The declines in gold and silver yesterday were astonishing. In 10+ years of watching both metals trade every day, I’ve never seen that type of decline. In addition to gold and silver collapsing again, every single commodity on my screen was lower, with the exception of orange juice.
This commodity rout is important as it’s the biggest thing occurring in any market right now. I touched on it some yesterday, but I want to review it more in depth today to make sure everyone knows what’s happening and what it means. I believe what’s happening in the commodity space presents a binary outcome for all asset classes, and I want to make sure everyone knows the two ways this is going to work out.
Theory No. 1—The Return of the “Real” Economy.

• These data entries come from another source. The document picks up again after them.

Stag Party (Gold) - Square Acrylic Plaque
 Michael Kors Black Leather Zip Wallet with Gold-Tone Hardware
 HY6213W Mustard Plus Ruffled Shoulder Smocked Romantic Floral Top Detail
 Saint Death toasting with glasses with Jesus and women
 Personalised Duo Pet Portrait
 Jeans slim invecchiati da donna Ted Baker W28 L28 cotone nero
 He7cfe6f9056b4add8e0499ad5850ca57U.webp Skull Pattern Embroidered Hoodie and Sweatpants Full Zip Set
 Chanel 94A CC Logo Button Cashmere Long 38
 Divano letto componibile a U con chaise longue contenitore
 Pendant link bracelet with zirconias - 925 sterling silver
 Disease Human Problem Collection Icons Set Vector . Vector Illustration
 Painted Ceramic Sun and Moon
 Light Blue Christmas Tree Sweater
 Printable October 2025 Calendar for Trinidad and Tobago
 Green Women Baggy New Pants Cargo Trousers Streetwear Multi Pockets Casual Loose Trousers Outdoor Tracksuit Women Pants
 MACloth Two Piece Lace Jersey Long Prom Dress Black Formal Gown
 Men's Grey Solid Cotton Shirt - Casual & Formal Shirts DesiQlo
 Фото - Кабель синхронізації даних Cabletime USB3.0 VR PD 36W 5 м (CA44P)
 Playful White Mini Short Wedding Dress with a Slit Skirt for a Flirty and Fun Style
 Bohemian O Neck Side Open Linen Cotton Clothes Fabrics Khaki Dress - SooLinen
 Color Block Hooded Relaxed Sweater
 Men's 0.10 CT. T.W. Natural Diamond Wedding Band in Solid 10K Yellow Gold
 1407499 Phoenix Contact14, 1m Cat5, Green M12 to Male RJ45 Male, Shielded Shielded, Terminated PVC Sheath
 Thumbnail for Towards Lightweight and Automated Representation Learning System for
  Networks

The first theory is a bullish one: The reasoning goes that gold and silver are declining because we are on the cusp of another period of real economic growth and technological advancement that will see equities rally substantially as the real economy finally kicks into gear after years of stagnation. That expectation is causing a rotation out of inflation and crisis-linked commodities like gold, and into more economically sensitive assets like stocks, which will benefit from the new momentum in the economy.
This theory is certainly possible, but there are a few problems: First, if we are on the cusp of a period of economic advancement, then why are all commodities getting killed, including economically sensitive commodities like oil, copper, steel, gasoline, palladium and others? The answer to that question seems to be increased supply—and that increased supply is causing wholesale rotation out of commodities and into stocks. That is a fair argument and very well may be true.
But, there is one other chink in the armor of Theory No. 1. If we are on the cusp of a new period of economic expansion, then why aren’t bonds falling? Bonds have been rising since March, and if we’re about to see the real economy kick into gear for the first time in 4+ years, bonds should be falling like a stone—but they aren’t. One possible explanation is that money flows from Europe and Japan are holding bonds up, but I haven’t seen enough evidence to tell me that’s the case.
What do we do if this theory is true: You buy U.S. stocks with both hands, and sell any commodity exposure and reduce bond holdings.
How will we know if this is the right theory: You’ll know because 1) bonds will crack, 2) economic data will accelerate, and 3) corporate profits and outlooks will get better (none of which is happening now).
Theory No. 2: The Deflation Theory
The second theory is a deflation theory. With gold and silver imploding and industrial commodities (in fact all commodities) declining rapidly, and U.S. Treasurys and German Bunds rallying throughout March, markets are telling us the global economy is very close to entering a period of deflation. Europe is dangerously close (if not already in) deflation, Japan is still in deflation, and Chinese and U.S. economic growth is slowing.
The “deflation trade” is occurring in commodities (especially gold and silver) first as money flows out of commodities its flowing into bonds.
This theory also makes sense, except for one thing—the equity market is still rising. Stocks are rallying in the face of a commodity collapse and higher bond prices, and that shouldn’t happen in a deflationary environment.
One possible answer to why this is happening is money flows. Investors are continuing to buy into stocks because they “have to” because of the Fed, which is propping up the stock market despite significantly deteriorating fundamentals.
What do we do if this theory is true: You get defensive. We buy bonds and reduce equity exposure and raise cash, because if this theory is true, stocks are going to fall, and fall very hard.
How will we know if this theory is true: You’ll know because the equity market will break from its highs and bonds will continue to rally to new highs.
I want it to be Theory No. 1, but my gut is afraid it’s Theory No. 2. Not to sound like a loon, but the last time I saw commodity carnage like this was in July/August of 2008. I’m not saying there is going to be another financial crisis (I don’t think there will be) but I’m just pointing it out.
Finally, a lot of markets simply aren’t making sense right now—if we’re in a new golden age of economic expansion why aren’t bonds falling? If we’re in deflation, why aren’t stocks falling? How the hell have bonds and stocks been rising together for the last seven weeks? When things don’t make sense like this, I’ve never seen it end with a melt-up in the market. I hope that this time I’m wrong.
One more thing—if Theory No. 2 is the correct one, I think this ultimately ends with more Fed easing, which will be good for gold, which means that at some point there will be a buying opportunity (I don’t think it’s now, too much technical damage has been done and the commodity needs to settle a bit).
The chart above shows the five-year inflation expectations of the market. As you can see, they’ve declined sharply over the past several weeks. I’ve highlighted previous times the inflation expectations have seen a significant decline, and each time its been met with more Fed easing. If the declines in inflation expectations continue, that means deflation, and the Fed will ease more in the coming months, not tighten. This remains an important indicator to watch.